In 1891 the northern boundary of Baltimore extended only past Hampden and Woodberry. Beyond the city line were imposing country estates, one of which was once owned by the brother of Napoleon Bonaparte, another by the daughter of Charles Carroll of Carrollton. Further west, the region's first garden suburb had just been built, but Sudbrook, south of Pikesville, was intended only for summer occupancy.
Edward H. Bouton, a 31-year-old Kansan, former cowboy, law student and dabbler in real estate, was destined to change all that. He chanced to move here and become the first resident manager of the newly formed Roland Park Company. During the next four decades, Bouton was responsible for fashioning the face of the suburbs. His innovations were copied in many hundreds of cities and towns across the country.
Bouton's greatest achievement was the development of Roland Park, which is celebrating its 100th birthday next week. Roland Park was named for Lake Roland, created in 1861, which in turn had been named for Roland Thornberry, a 17th-century Englishman who owned large tracts of land in the lake area. The initial development involved land east of Roland Avenue, and was entrusted to a young landscape architect, George E. Kessler, who had worked for Frederick Law Olmsted in the design of Central Park. (Olmsted also designed Sudbrook.)
The first Roland Park lot was sold in June 1892, but Baltimoreans were slow to accept the notion of living year-round that far from the city.
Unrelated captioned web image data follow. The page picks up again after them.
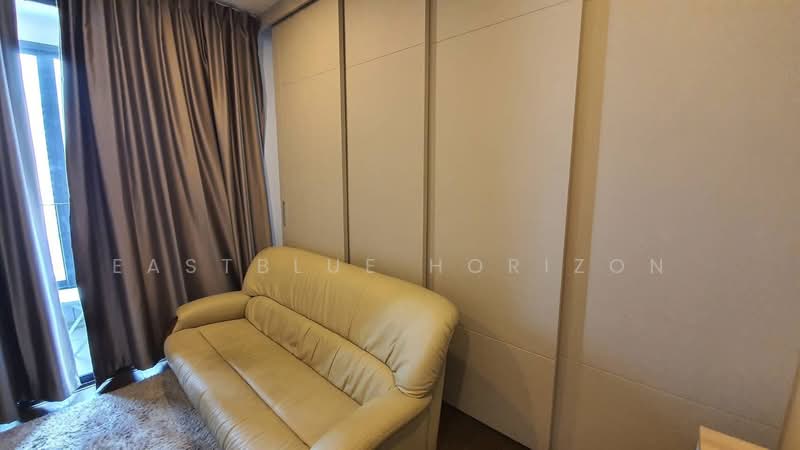 IDEO Q Siam-Ratchathewi, Bangkok, Phetchaburi Road, Thanon Phaya Thai, Ratchathewi, Bangkok, 1 Bedroom, 34 sqm, Condo For Rent, by Eastblue Horizon, 500290640 - DDproperty.com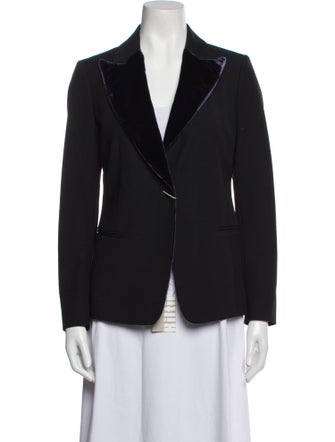 Kiltie Blazer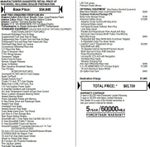 2020 RAM 1500 Laramie Longhorn Crew Cab 4x4 5'7" Box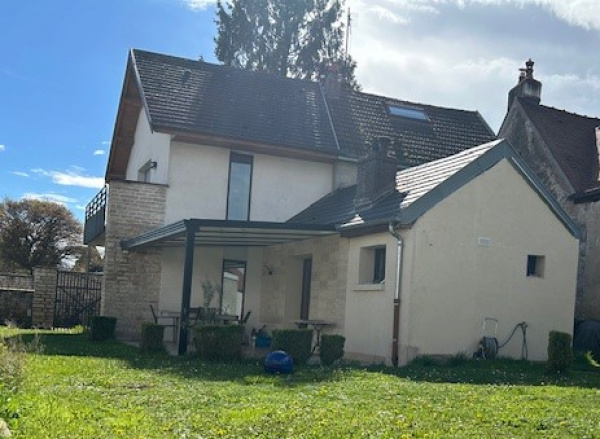 Offres de vente Maison de village Gilly-lès-Cîteaux 21640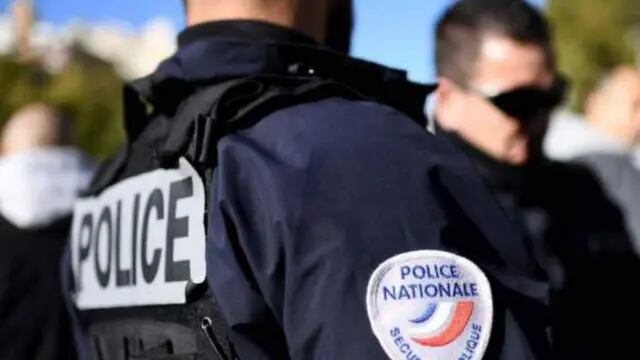 Una adolescente fue asesinada tras quedar en medio de una pelea de pandillas en Francia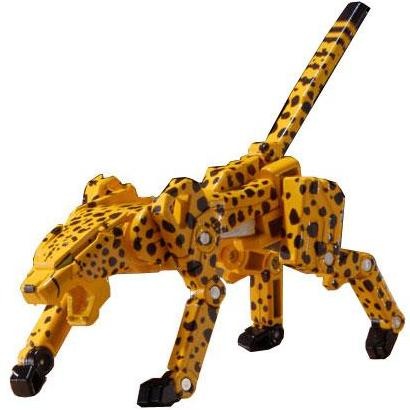 Transformers Cheetor USB flash drive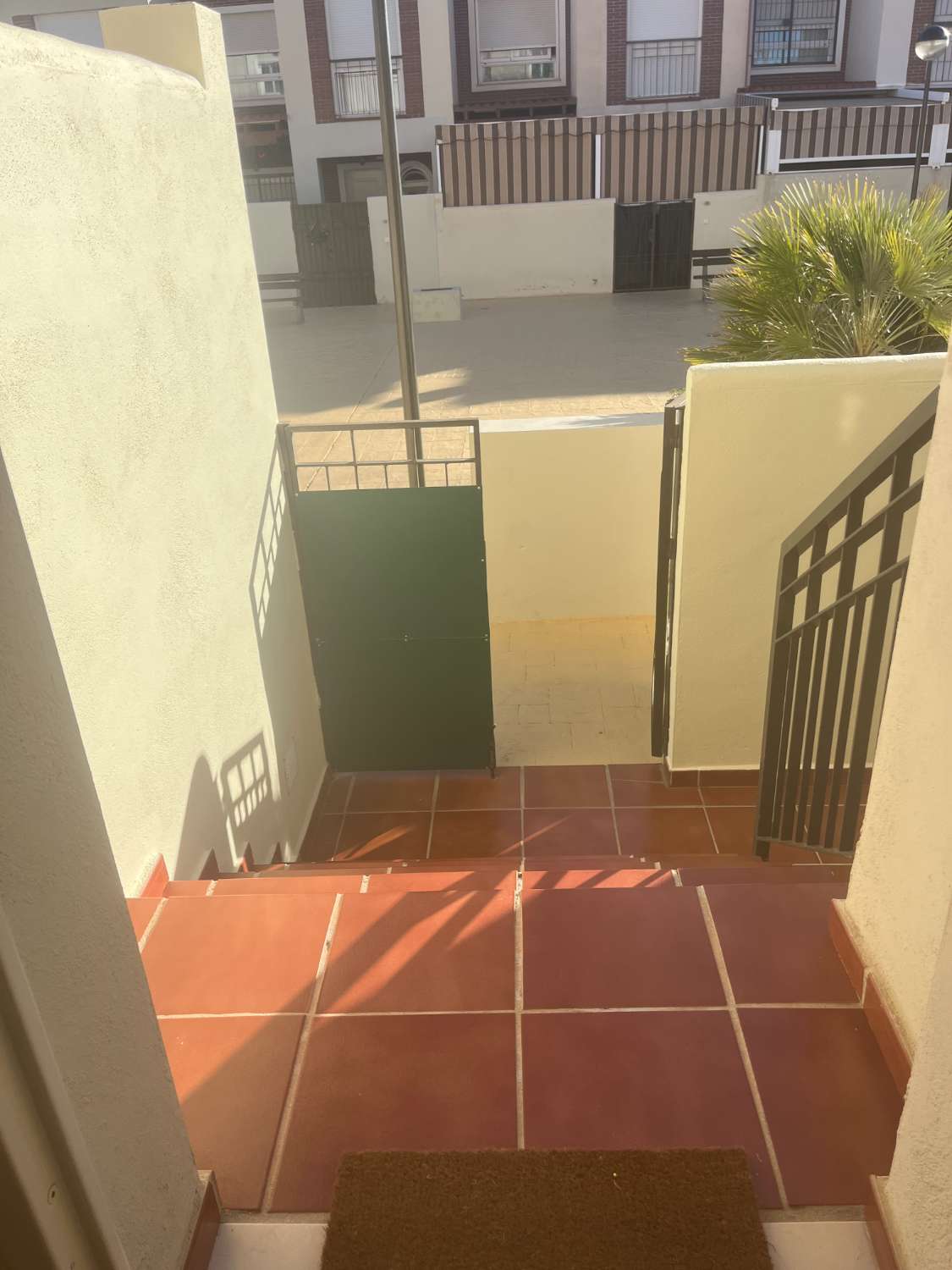 Xalet en lloguer in Aeropuerto (Málaga)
Bouton sought to promote the new development by transporting prospective buyers from the Masonic Temple, in the 200 block of North Charles Street, to Roland Park in a four-in-hand coach. The trip took 25 minutes. Still the heavily wooded area of what was then Baltimore County seemed to be too isolated.
Further to encourage sales, Bouton had houses built on some of the land, and in September 1892 several newspapers announced that the first three ''cottages'' were nearing completion, with prices ranging from $3,000 to $7,000. The initial buyer, Mme. E. Marie Jeanneret, the city's leading couturiere, paid $8,500 for the home at 4711 Roland Avenue.
Bouton established the Baltimore-Roland Park Street Railway Company, which built the Guilford Avenue viaduct so that streetcars could travel from downtown to the new suburb. By the turn of the century, scheduled runs were every four minutes, 24 hours a day. The line eventually became part of United Railways, the predecessor of Baltimore Transit and the MTA.
The trolley line ended at the 4800 block of Roland Avenue, a street that was initially a narrow dirt road before being transformed into an imposing, tree-lined thoroughfare. Later the route was extended to the shores of Lake Roland, where there was an amusement park complete with a merry-go-round and dance hall.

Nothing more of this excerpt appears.